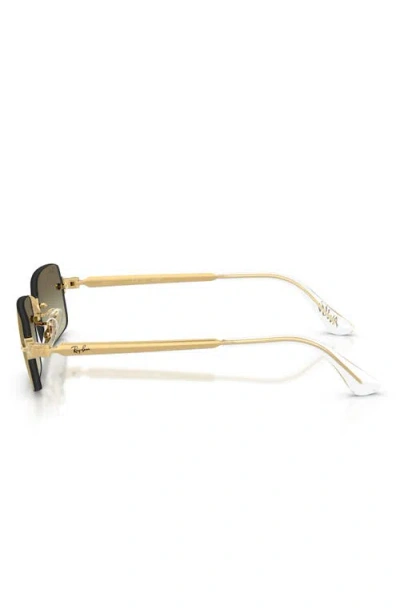 Ray Ban Ray In Gold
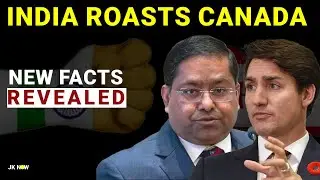 India Exposes Canada Again | More Facts Revealed By MEA India | PM Justin Trudeau
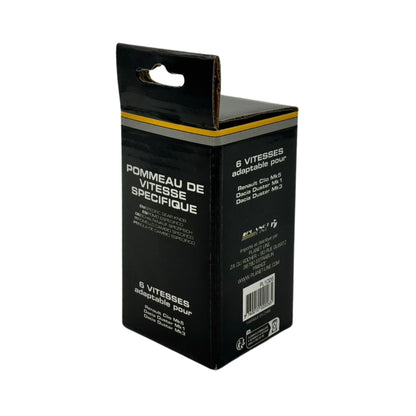 POMMEAU ADAPTABLE POUR RENAULT CLIO 5 (APRES 2019)/ DUSTER 2 ET 3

**WORK INSTRUCTIONS:** Would you provide an exact, picture-free copy of the data above?

**PROBLEM SOLUTION:**
 Ray Ban Ray In Gold
 India Exposes Canada Again | More Facts Revealed By MEA India | PM Justin Trudeau
 POMMEAU ADAPTABLE POUR RENAULT CLIO 5 (APRES 2019)/ DUSTER 2 ET 3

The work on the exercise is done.